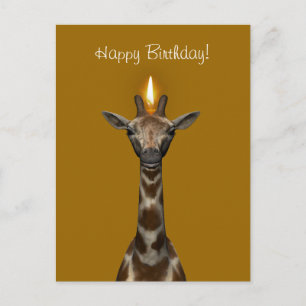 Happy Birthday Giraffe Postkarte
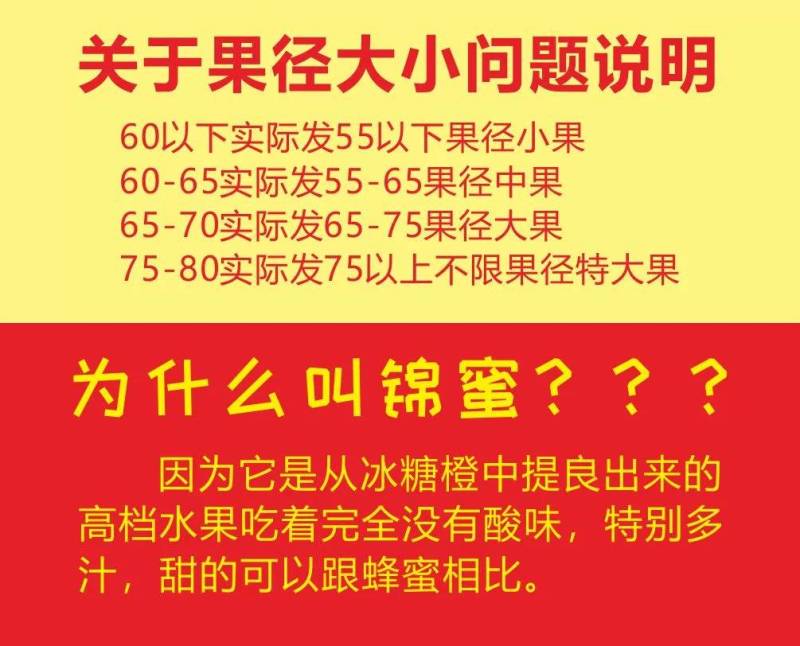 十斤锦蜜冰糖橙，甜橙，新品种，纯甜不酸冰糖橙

---

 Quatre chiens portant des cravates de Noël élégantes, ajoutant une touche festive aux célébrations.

---

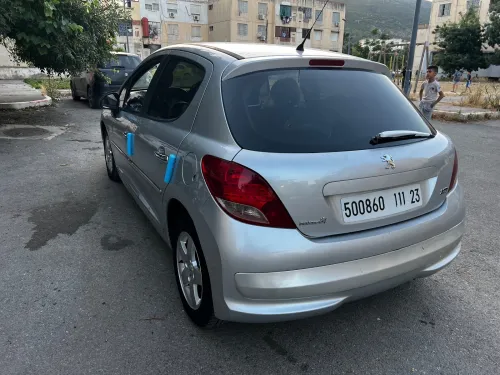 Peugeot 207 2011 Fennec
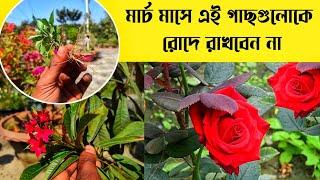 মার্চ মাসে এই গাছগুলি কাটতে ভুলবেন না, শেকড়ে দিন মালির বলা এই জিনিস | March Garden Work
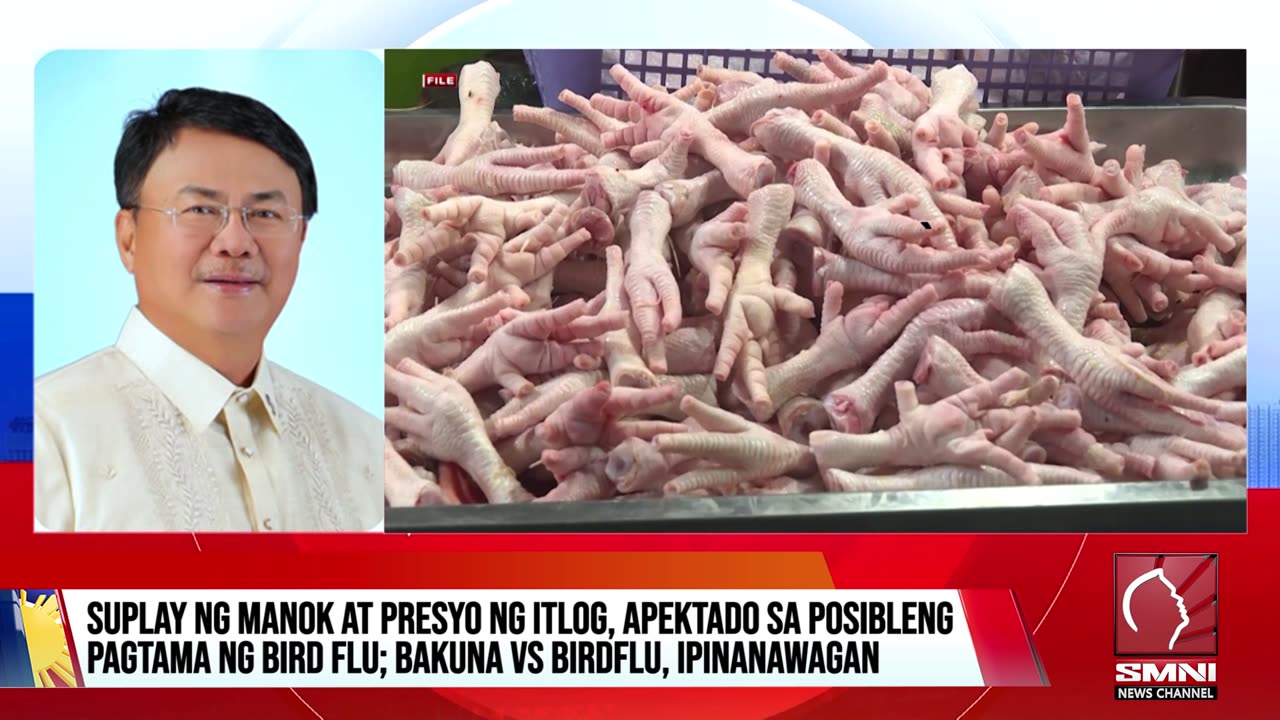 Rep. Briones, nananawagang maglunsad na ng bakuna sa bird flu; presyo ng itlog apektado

• _EXERCISE GOAL_: Where a picture appears in the records above, omit it, and transcribe exactly the stretch of lines from the one with "মার্চ মাসে এই" through the one with "Rep. Briones, nananawagang".

• _SOLUTION FOR THIS PROBLEM_:
 মার্চ মাসে এই গাছগুলি কাটতে ভুলবেন না, শেকড়ে দিন মালির বলা এই জিনিস | March Garden Work
 Rep. Briones, nananawagang maglunsad na ng bakuna sa bird flu; presyo ng itlog apektado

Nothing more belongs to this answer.